From: Frederic Weisbecker <fweisbec@gmail.com>
To: Gilad Ben-Yossef <gilad@benyossef.com>
Cc: linux-kernel@vger.kernel.org,
Thomas Gleixner <tglx@linutronix.de>, Tejun Heo <tj@kernel.org>,
John Stultz <johnstul@us.ibm.com>,
Andrew Morton <akpm@linux-foundation.org>,
KOSAKI Motohiro <kosaki.motohiro@jp.fujitsu.com>,
Mel Gorman <mel@csn.ul.ie>, Mike Frysinger <vapier@gentoo.org>,
David Rientjes <rientjes@google.com>,
Hugh Dickins <hughd@google.com>,
Minchan Kim <minchan.kim@gmail.com>,
Konstantin Khlebnikov <khlebnikov@openvz.org>,
Christoph Lameter <cl@linux.com>,
Chris Metcalf <cmetcalf@tilera.com>,
Hakan Akkan <hakanakkan@gmail.com>,
Max Krasnyansky <maxk@qualcomm.com>,
linux-mm@kvack.org
Subject: Re: [PATCH v1 1/6] timer: make __next_timer_interrupt explicit about no future event
Date: Fri, 4 May 2012 14:04:58 +0200 [thread overview]
Message-ID: <20120504120455.GB4413@somewhere.redhat.com> (raw)
In-Reply-To: <1336056962-10465-2-git-send-email-gilad@benyossef.com>
On Thu, May 03, 2012 at 05:55:57PM +0300, Gilad Ben-Yossef wrote:
> Current timer code fails to correctly return a value meaning
> that there is no future timer event, with the result that
> the timer keeps getting re-armed in HZ one shot mode even
> when we could turn it off, generating unneeded interrupts.
> This patch attempts to fix this problem.
>
> What is happening is that when __next_timer_interrupt() wishes
> to return a value that signifies "there is no future timer
> event", it returns (base->timer_jiffies + NEXT_TIMER_MAX_DELTA).
>
> However, the code in tick_nohz_stop_sched_tick(), which called
> __next_timer_interrupt() via get_next_timer_interrupt(),
> compares the return value to (last_jiffies + NEXT_TIMER_MAX_DELTA)
> to see if the timer needs to be re-armed.
>
> base->timer_jiffies != last_jiffies and so
> tick_nohz_stop_sched_tick() interperts the return value as
> indication that there is a distant future event 12 days
> from now and programs the timer to fire next after KIME_MAX
> nsecs instead of avoiding to arm it. This ends up causesing
> a needless interrupt once every KTIME_MAX nsecs.

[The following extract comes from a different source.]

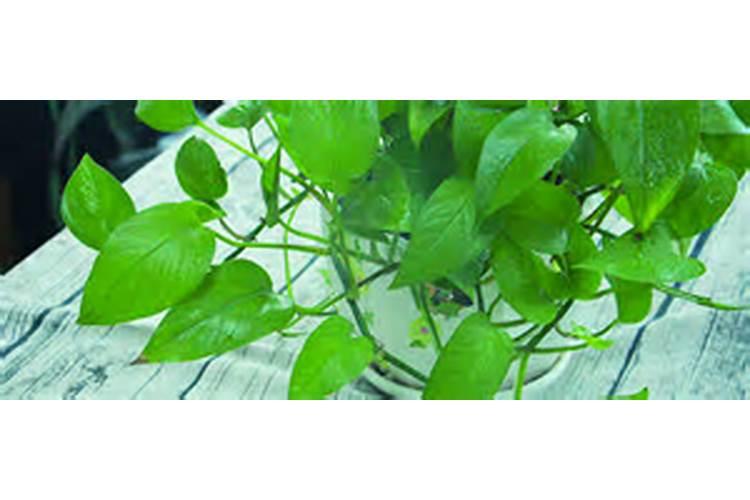 秦皇岛卖肥料的小商店有哪些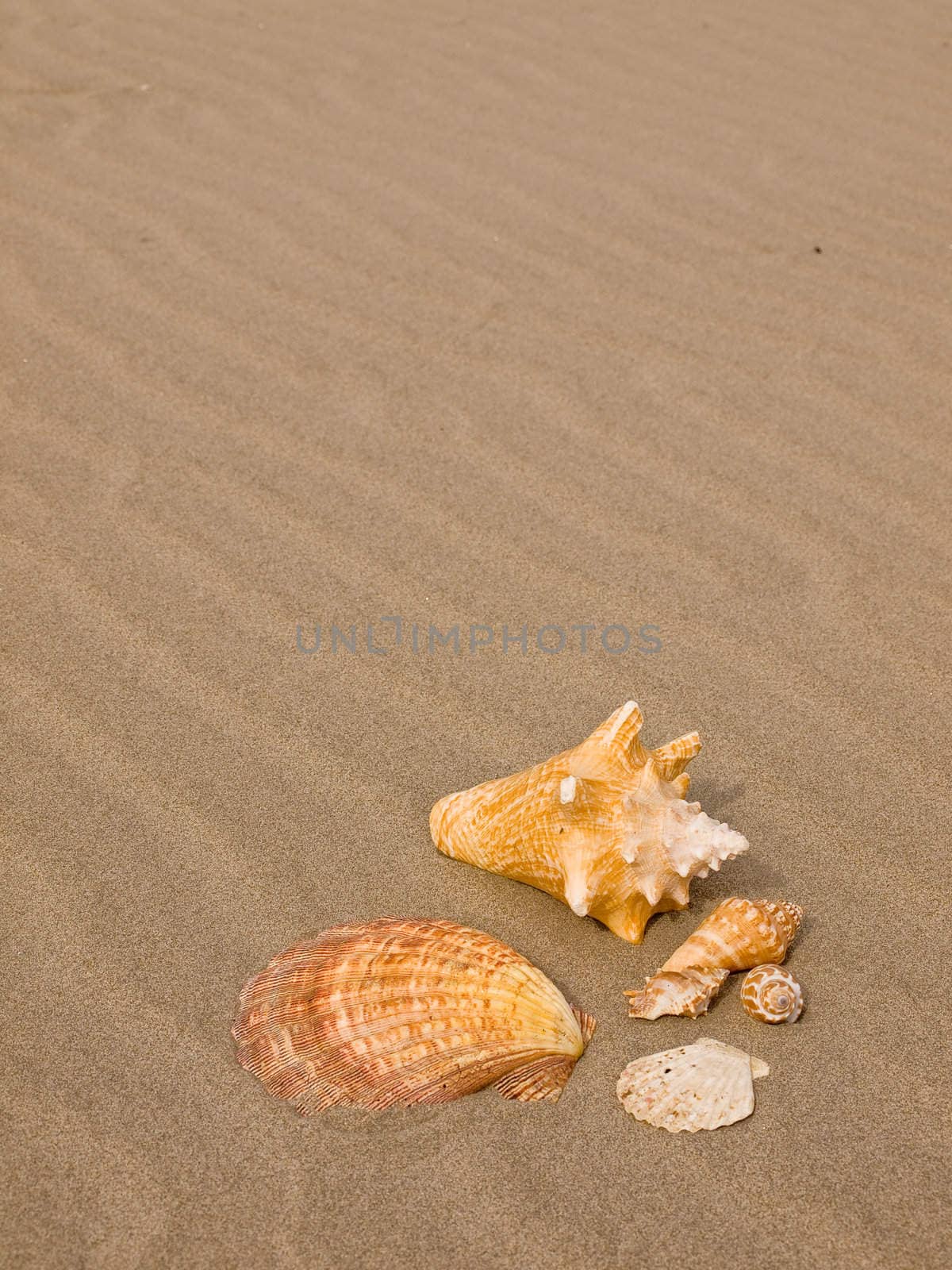 Scallop and Conch Shells on a Wind Swept Sandy Beach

Good catch! So if I understand correctly, base->timer_jiffies can
be backward compared to last_jiffies. If we return
base->timer_jiffies + NEXT_TIMER_MAX_DELTA, the next_jiffies - last_jiffies
diff gives a delta that is a bit before NEXT_TIMER_MAX_DELTA.
And this can indeed happen if we haven't got any timer list executed since
we updated jiffies last, timer_jiffies can be a backward compared to last_jiffies.
This is harmless but causes needless timers.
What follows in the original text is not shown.